Stored data entries

--

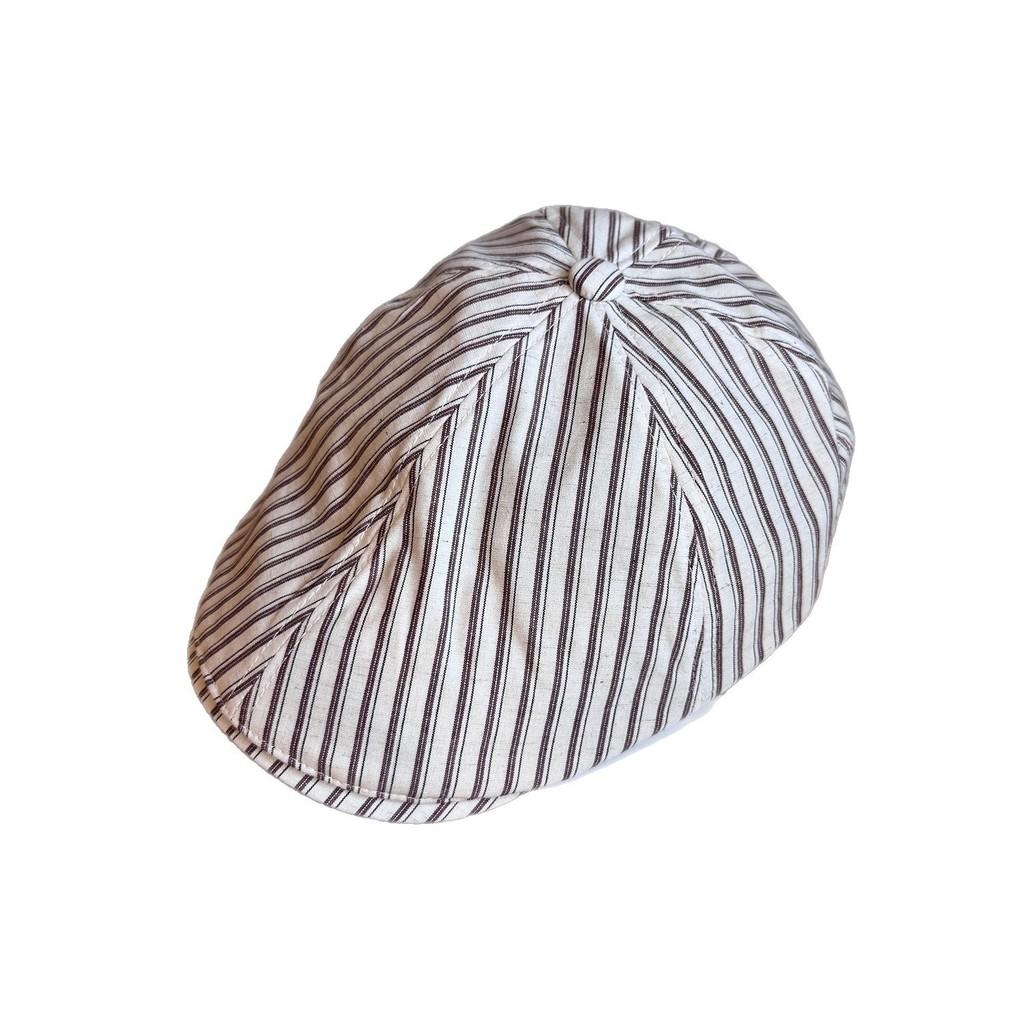 Minimally Striped Women Breathable Cotton Beret For Autumn And Use Winter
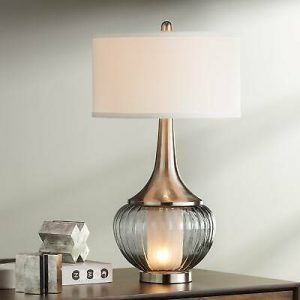 Set of 2 Brushed Nickel "Blue Glow" Table Lamps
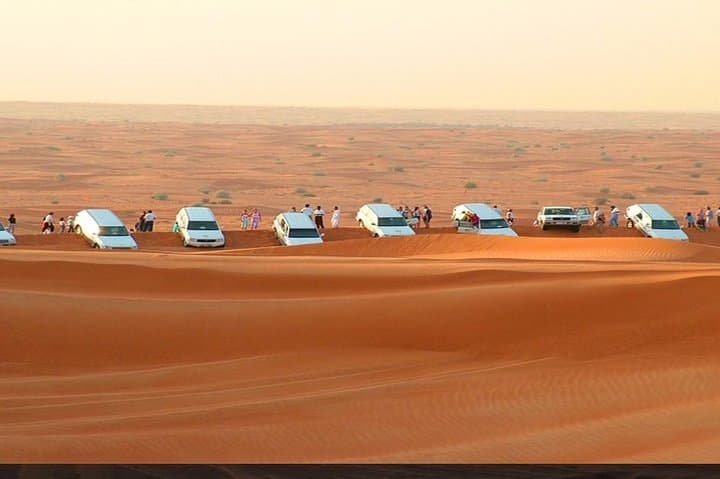 Dubai Desert Safari, Dune Bashing, Camel Ride, Sandboarding & BBQ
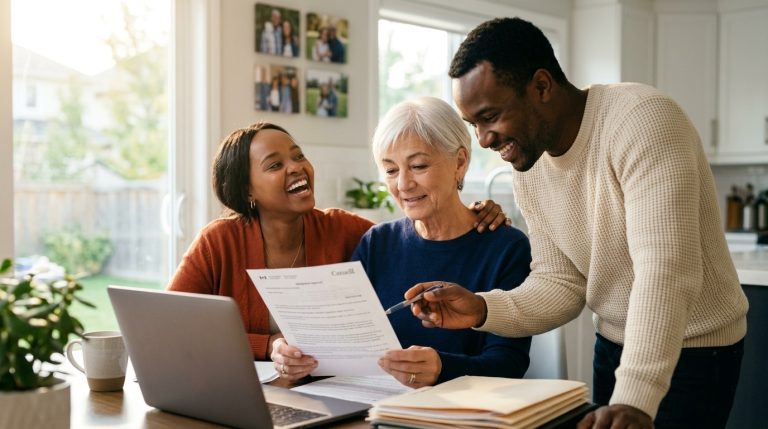 Three people review IRCC paperwork at a kitchen table with a laptop and folders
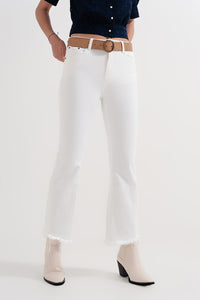 Cropped White Straight Leg Jeans with Raw Hem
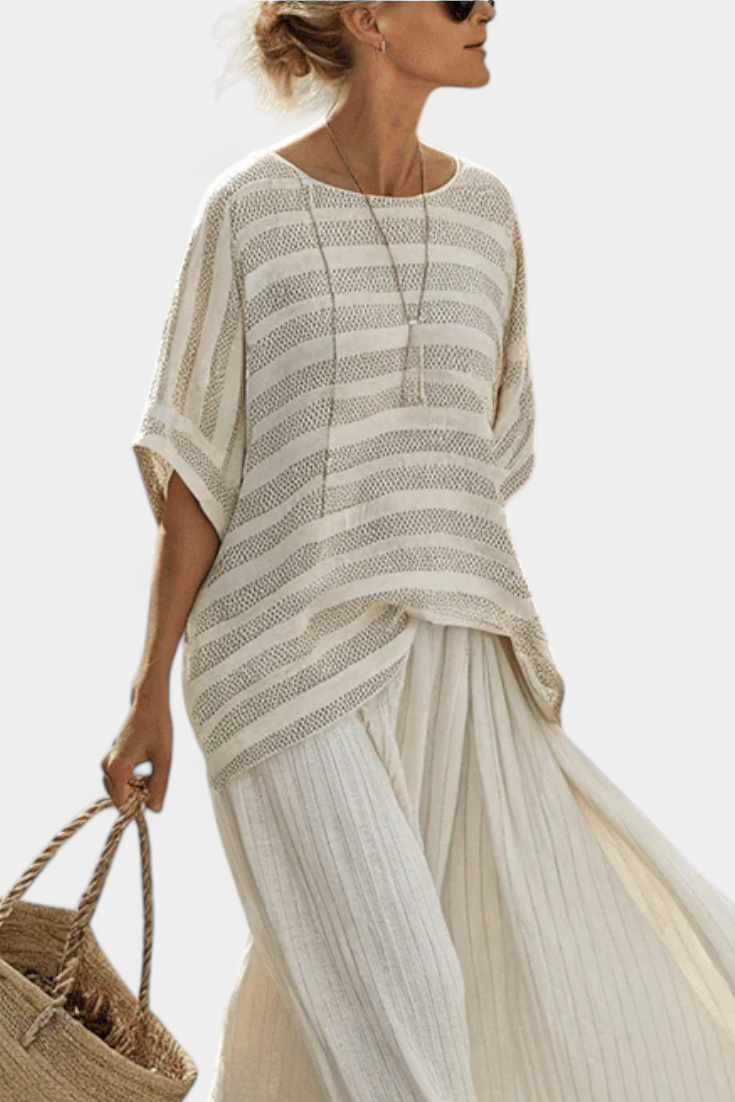 Women's Striped Bamboo & Linen Two-Piece Set - Breezy Summer Style
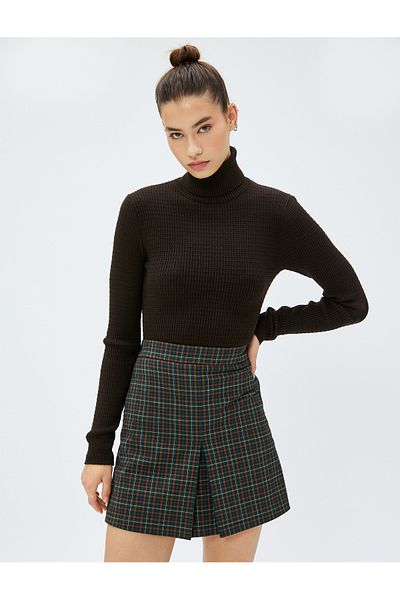 Koton Fustă mini Short Talie Normală Plisă Amestecat de viscoză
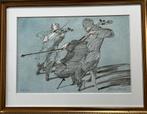Lithografie Claude Weisbuch Parijs viool cello, Ophalen of Verzenden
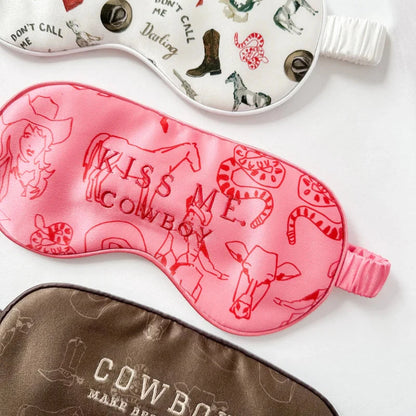 Far Mer. Kiss Me Cowboy Silk Eye Mask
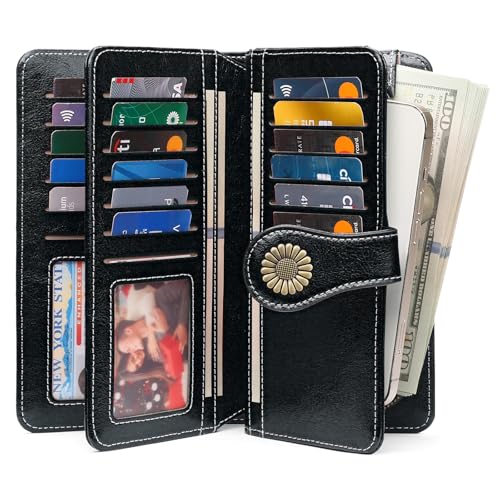 SENDEFN Wallets for Women Leather Credit Card Holder with RFID Blocking Large Capacity Wristlet
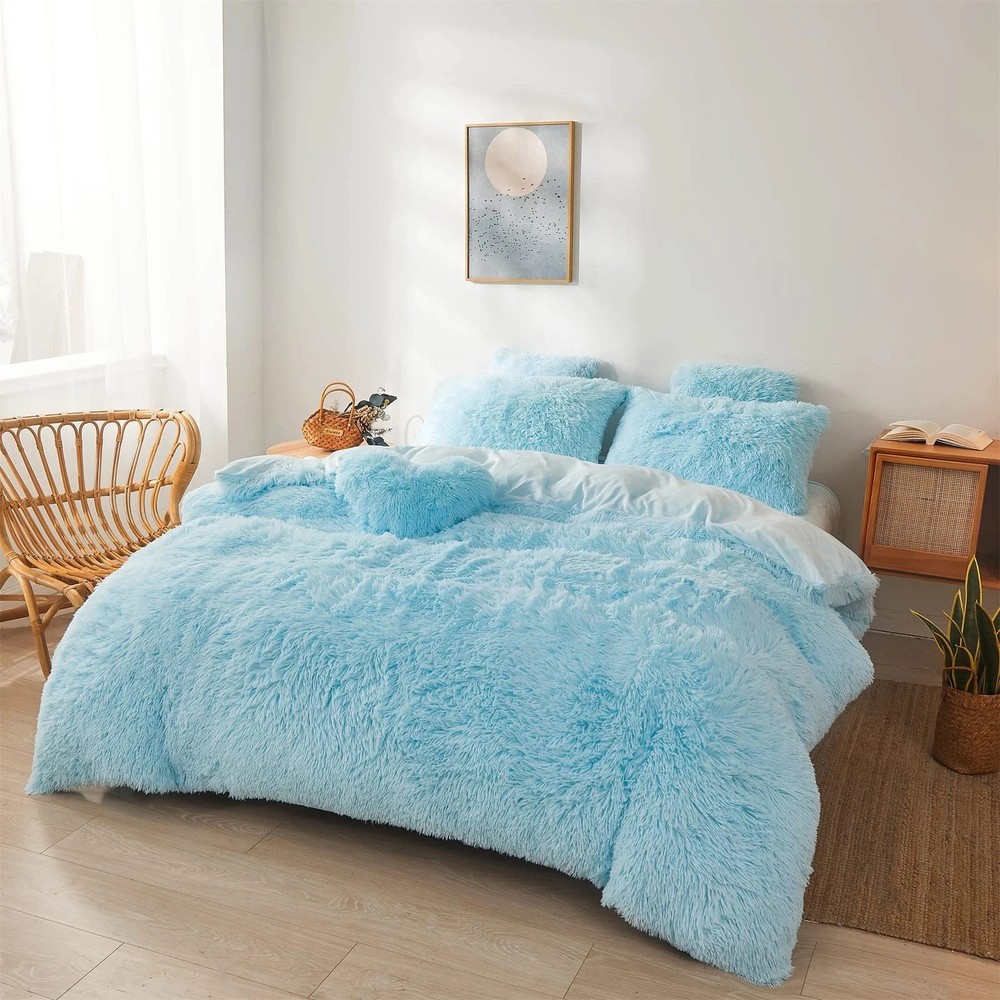 Fluffy Blue Comforter Cover Set Queen - Ultra Soft Plush Blue Bedding Sets 3 ...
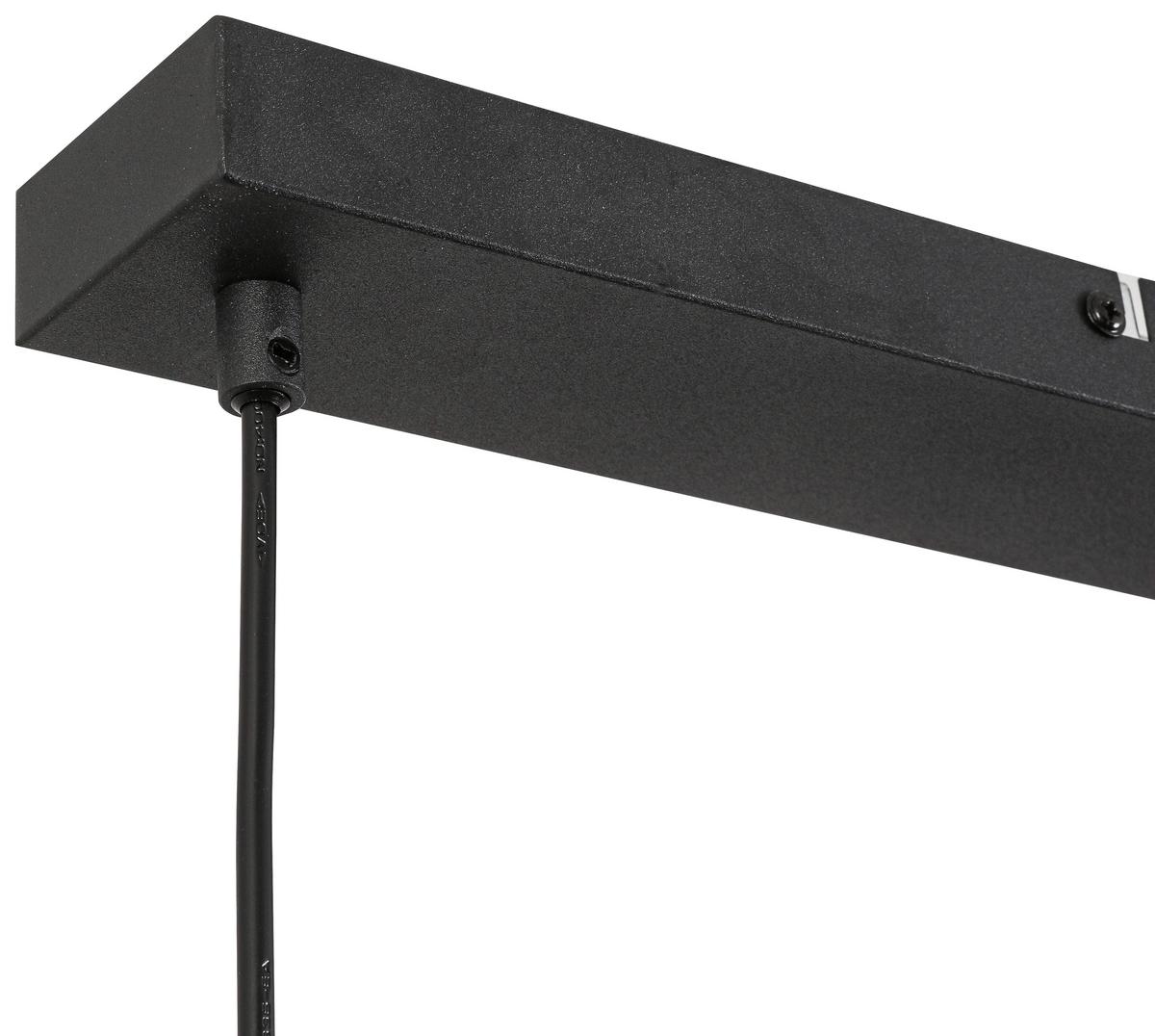 Hängeleuchte Sani - Schwarz/Kupferfarben, MODERN, Glas/Kunststoff (86/18/120cm) - James Wood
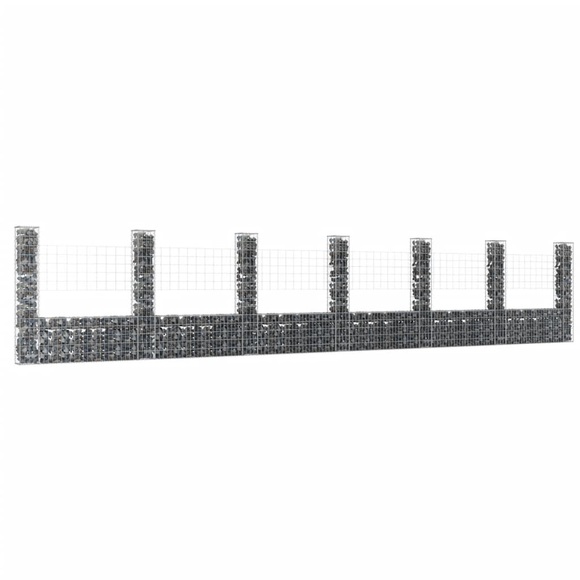 vidaXL Gabionenkorb U-Form mit 7 Säulen Eisen 740x20x150 cm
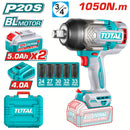 Llave Impacto dado cuadrado 20V 3/4" Motor sin escobillas. 1050 Nm  Incluye 2 baterías y cargador. Super Total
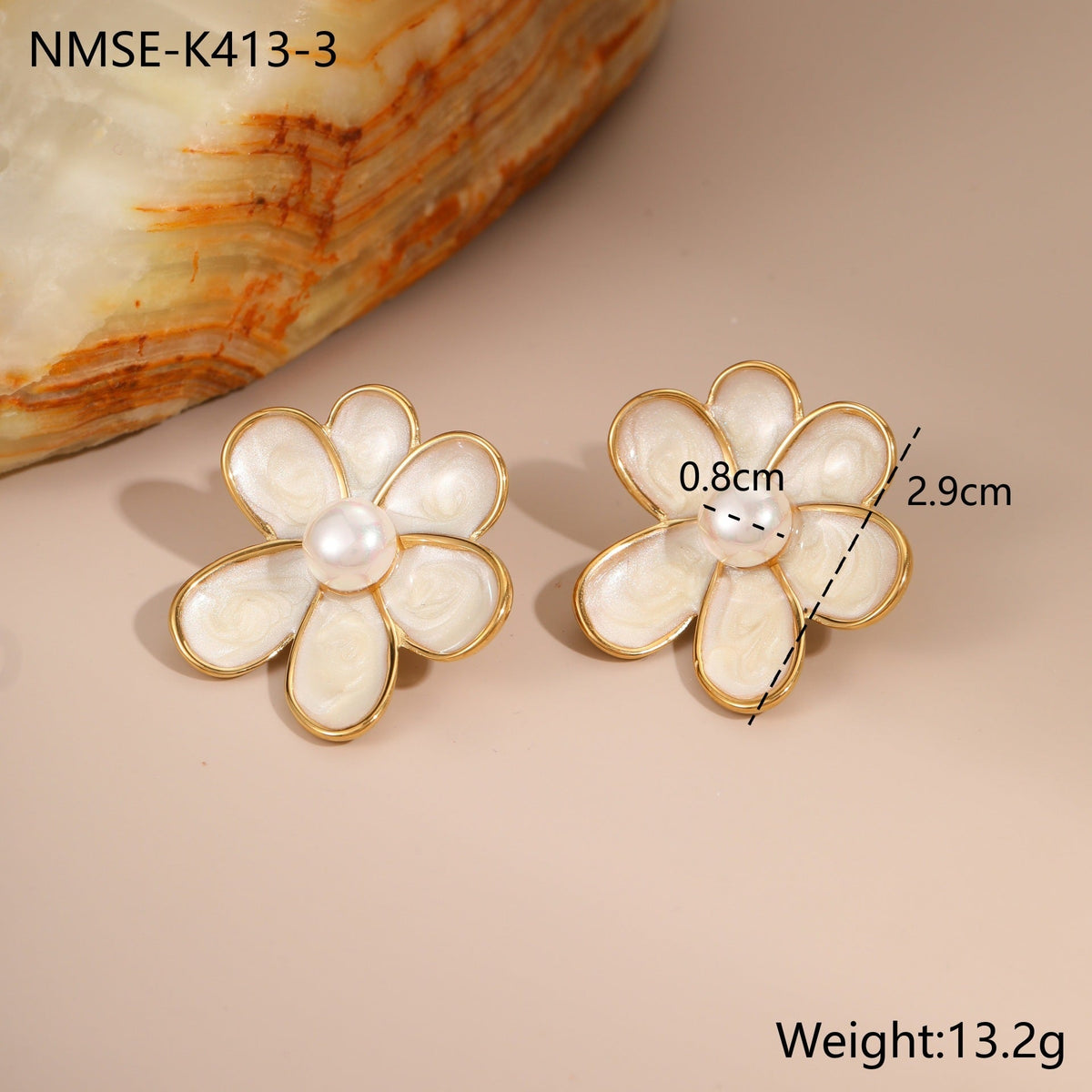 Enamel Flower Pearl Studs — earrings, view 10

--

> **About this task**:
What you return must match, line for line, the records from the line containing "- James Wood" through their end, with both ends included and no pictures.

> **Reply**:
 Hängeleuchte Sani - Schwarz/Kupferfarben, MODERN, Glas/Kunststoff (86/18/120cm) - James Wood
 vidaXL Gabionenkorb U-Form mit 7 Säulen Eisen 740x20x150 cm
 Llave Impacto dado cuadrado 20V 3/4" Motor sin escobillas. 1050 Nm  Incluye 2 baterías y cargador. Super Total
 Enamel Flower Pearl Studs — earrings, view 10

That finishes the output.